What the task requires: Exactly and only the lines from the first entry through the line with "Kiven Plug in" should be copied, both ends included, with no pictures.

Source material:

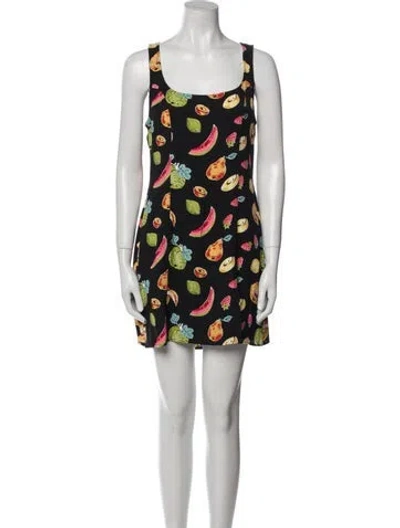 Pre-owned Reformation Printed Mini Dress In Black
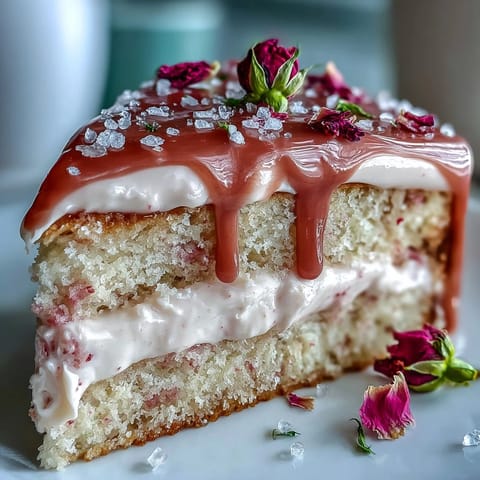 Zartrosa Rosé-Samtkuchen mit glänzendem Goldtropfen für besondere Anlässe.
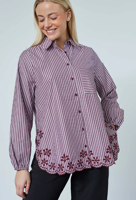 Sisters Point Blouse Istea-Sh3 | Bordeaux/White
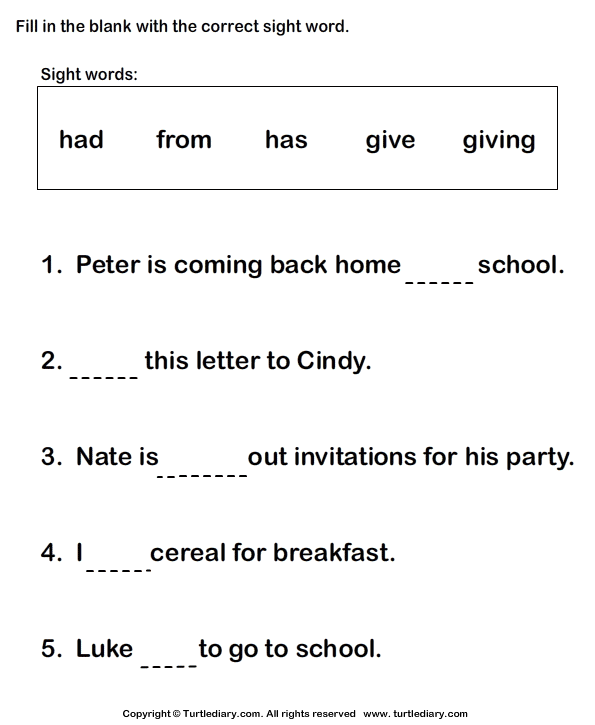 The 3 Worksheet Blanks Using fill blank Words sight Sight  worksheets TurtleDiary.com  word In Fill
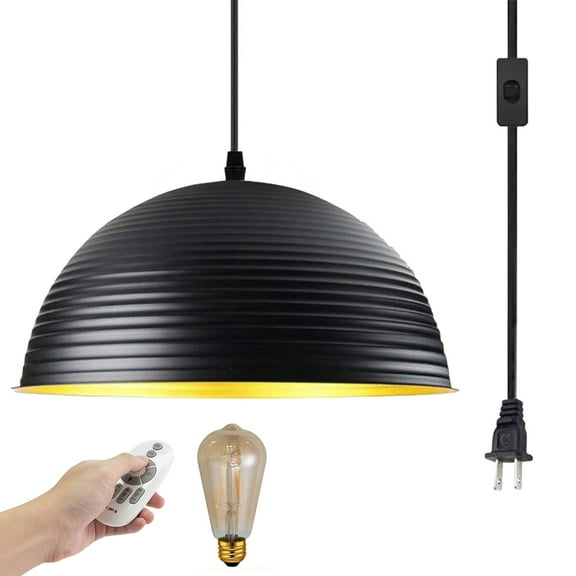 Kiven Plug in Iron Pendant Light, Modern Hanging Light with Remote Control and 15FT Plug-in Cord, Dimmable Ceiling Pendant Light for Bedroom Hallway Cafe Kitchen Island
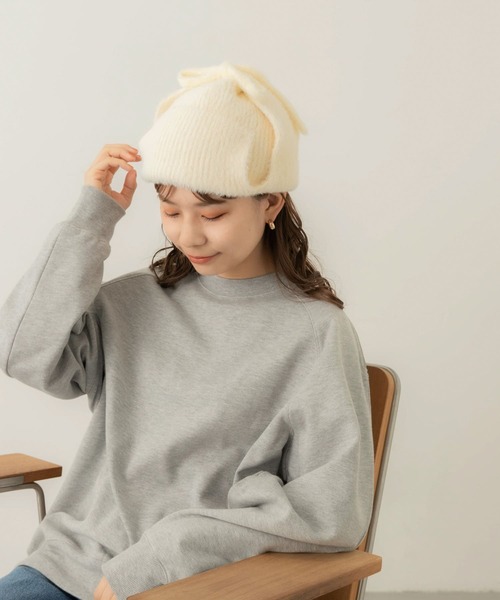 SMELLY（スメリー）の「シャギーニットフライトキャップ（ニットキャップ/ビーニー・レディース・アイボリー/ブラック・-）」の8枚目の写真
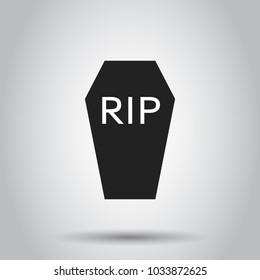 Halloween grave icon. Vector illustration on isolated background. Business concept gravestone rip tombstone pictogram.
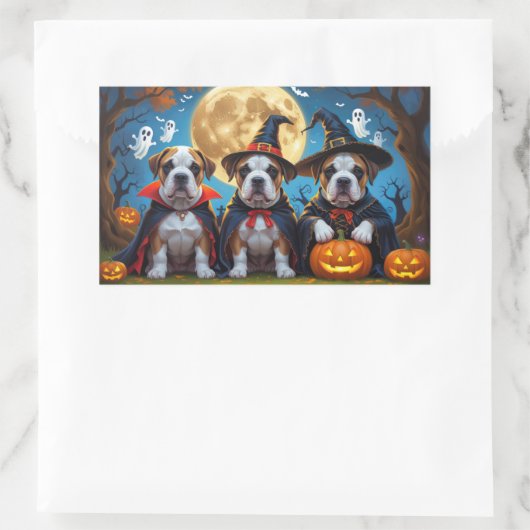 ブルマスティフ犬カボチャおもしろいハロウィーン 長方形シール (バッグ)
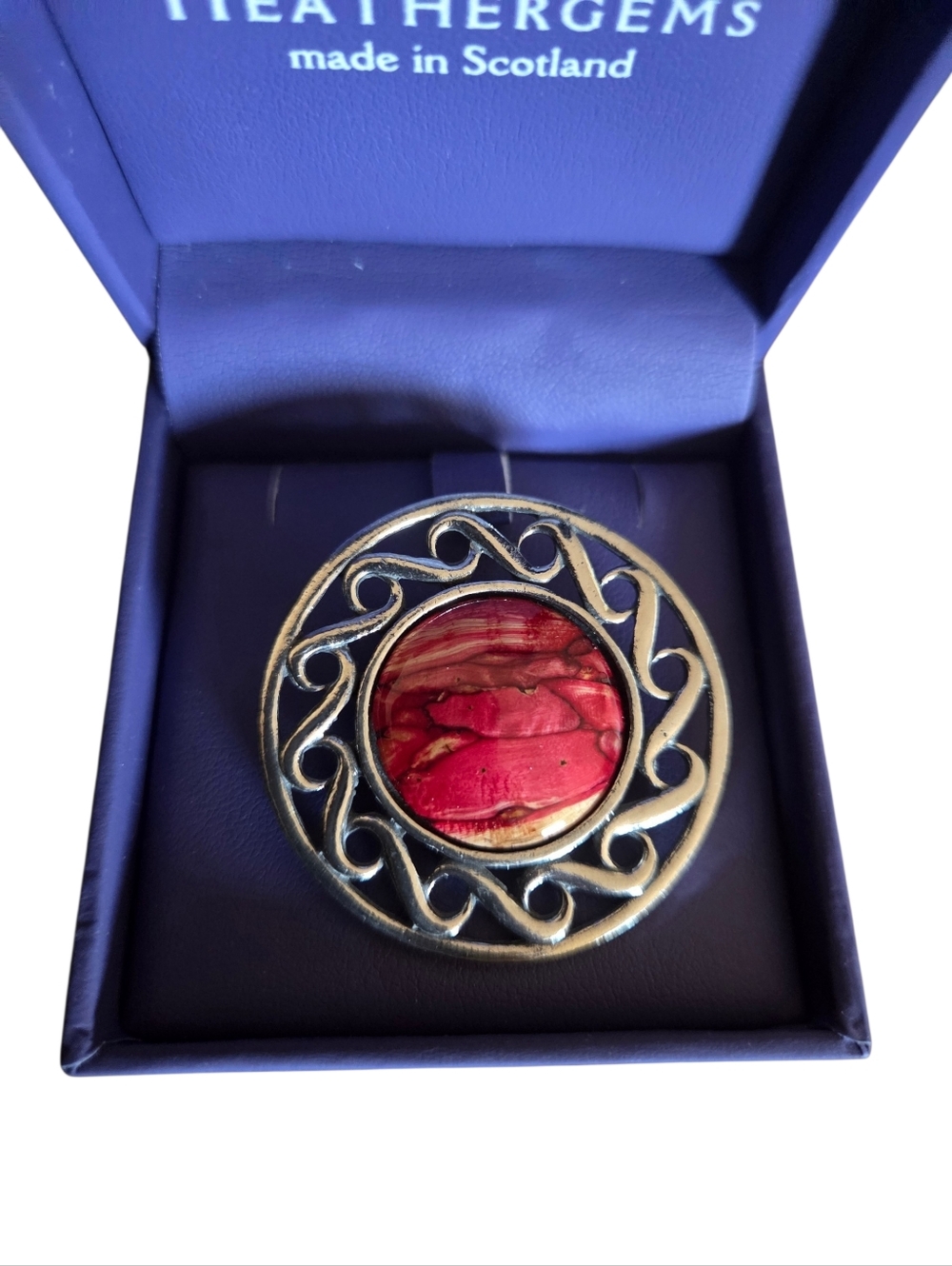 Heathergems brooch with a red heather stone in a silver Celtic design. NWT.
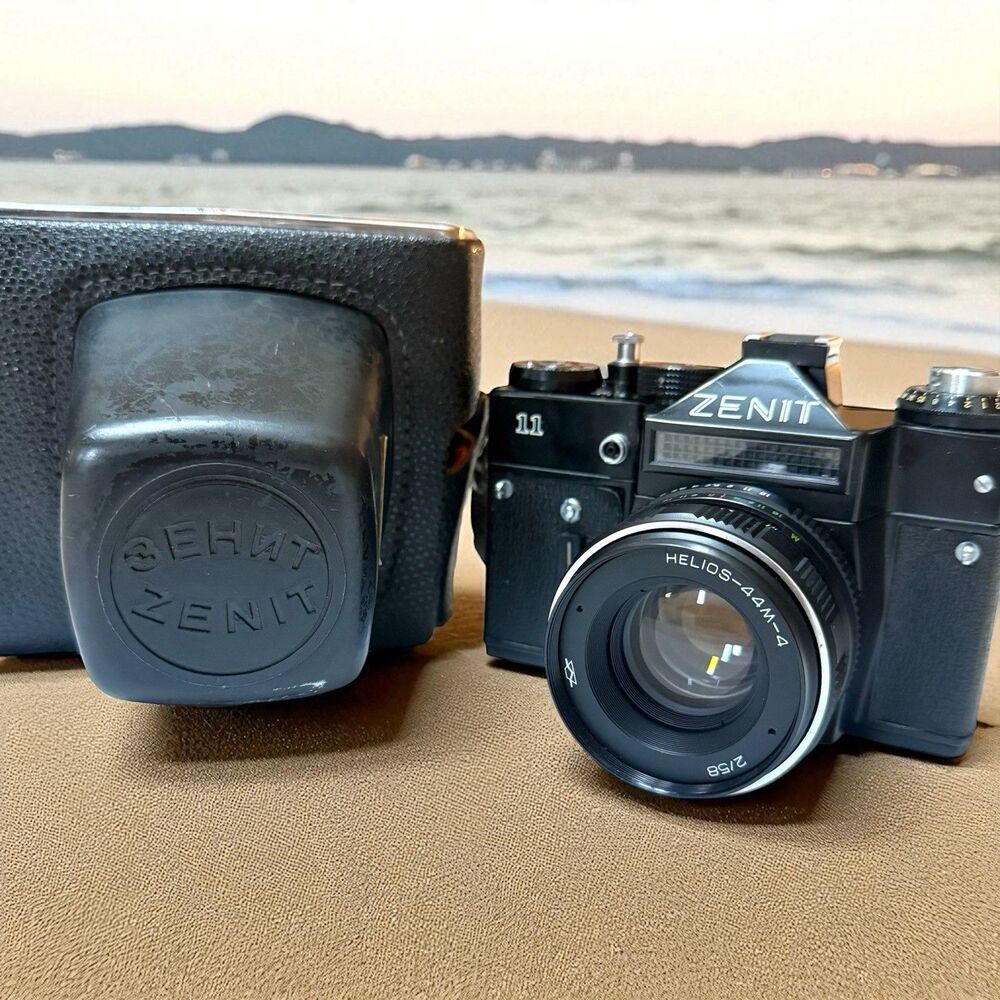 SOLD Soviet Zenit 11 35mm SLR Film Camera w/ Helios 44m-4 58mm f/2 Lens and Case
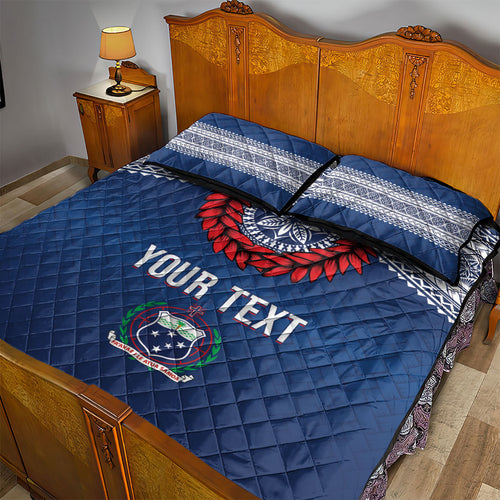 Manu Samoa Rugby Custom Navy Blue Quilt Bed Set ʻIe Toga Pattern With Red Ula fala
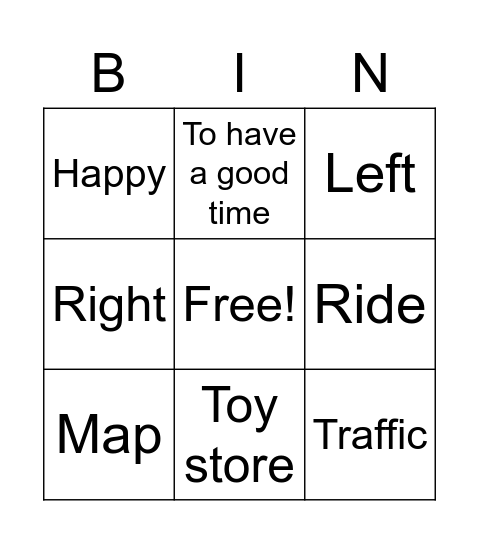 Asking the way Bingo Card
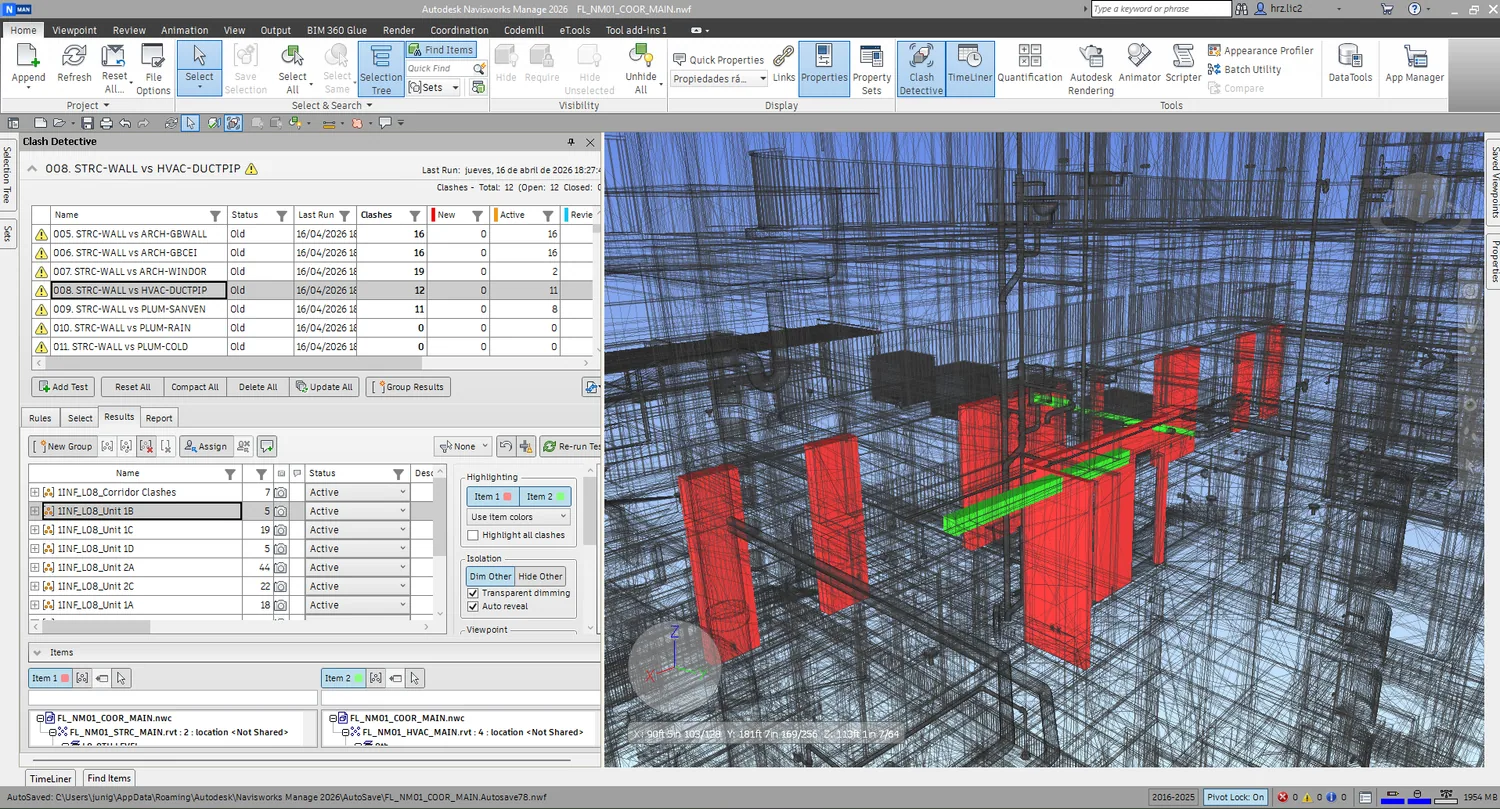 Model review workflow used to inspect technical coordination outputs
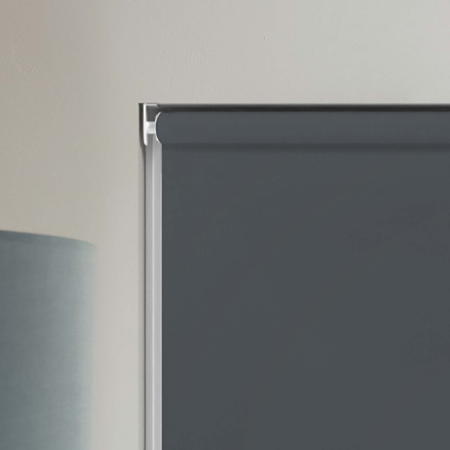 Bedtime Anthracite Chrome Bottom Bar Roller Blinds Product Detail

Solution to the problem:
 Pre-owned Reformation Printed Mini Dress In Black
 Zartrosa Rosé-Samtkuchen mit glänzendem Goldtropfen für besondere Anlässe.
 Sisters Point Blouse Istea-Sh3 | Bordeaux/White
 The 3 Worksheet Blanks Using fill blank Words sight Sight  worksheets TurtleDiary.com  word In Fill
 Kiven Plug in Iron Pendant Light, Modern Hanging Light with Remote Control and 15FT Plug-in Cord, Dimmable Ceiling Pendant Light for Bedroom Hallway Cafe Kitchen Island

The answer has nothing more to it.